Looking back into time, the European Central Bank’s (ECB) monetary policy decisions have been straightforward, but the time following 2020 could lead to some problems as the bank will face a more complex set of challenges in decision-making. The unemployment rate could fall, and economic growth could persist if the ECB tapers its asset purchase program to zero by the end of 2018 followed by a small increase in the deposit facility rate after the tapering. This will set the ECB up in a good position to raise interest rates by the end of 2019. As the current ECB president’s term comes to an end in October 2019, investors should stay tuned for the events leading up to policy changes and Mario Draghi ending his term.
However, leaving his position in a time like 2019 could mean that his successor will face a different set of challenges. One will be analyzing the extent to which the ECB can normalize policy rates before the U.S. and also before the eurozone economics fall into a recession. Another challenge Draghi’s successor will face is calibrating the instruments through which the ECB implements its monetary policy. This is not the end to the problems and challenges as there could be tensions of the U.S. Federal Open Market Committee (FOMC) raising the fed funds rate to 3.4% by the end of 2020.
Analysts following macroeconomic trends claim, “We tend to think the market overestimates the extent to which the ECB can normalize policy rates. Gross exports of goods and services made up 47% of eurozone national income in 2017. Europe’s dependence on external demand will limit the extent to which the ECB can raise rates beyond zero once global growth slows down.”

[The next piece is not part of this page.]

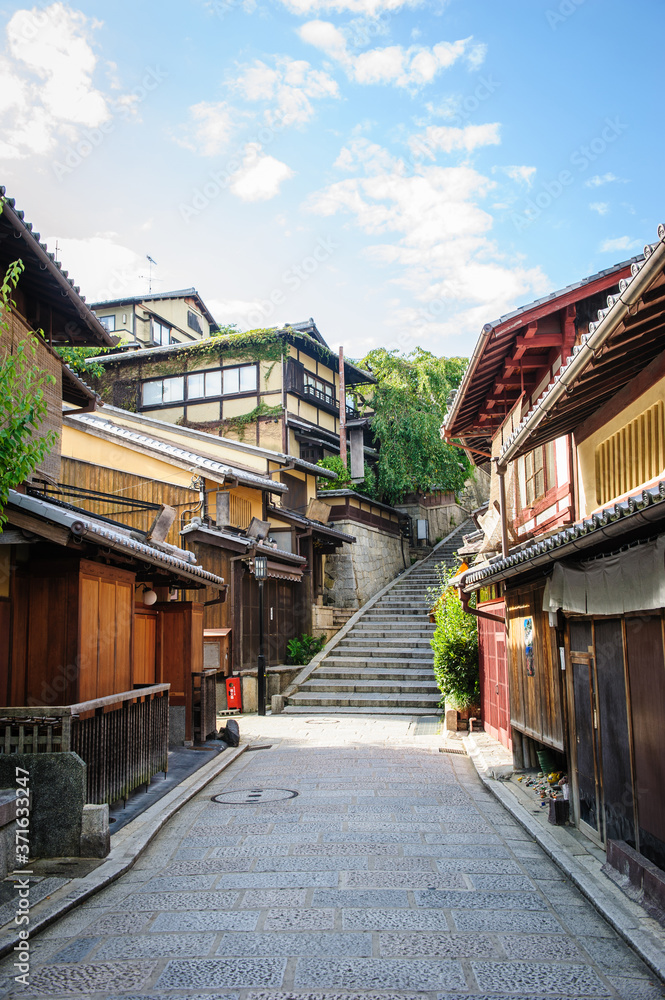 Sannenzaka street at morning. Kyoto, Japan.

The ECB will have to use its balance sheet to counter deflationary pressure when confronted with the next recession since it will have limited scope to cut policy rates. With policy rates nearing zero during the next downturn, one way for the ECB to lower its term structure of interest rates would be to receive interest rate swaps while buying private sector assets. Lowering its term structure will also reduce firms’ borrowing costs, but as long as the eurozone lacks a centralized fiscal capacity, banks and their sovereigns will stay interlinked.
With all of this in mind, Europe’s unconventional policies and low levels of interest rates are likely to persist. Investors in the eurozone short-term markets should expect a new phase of unconventional monetary policies in the near future.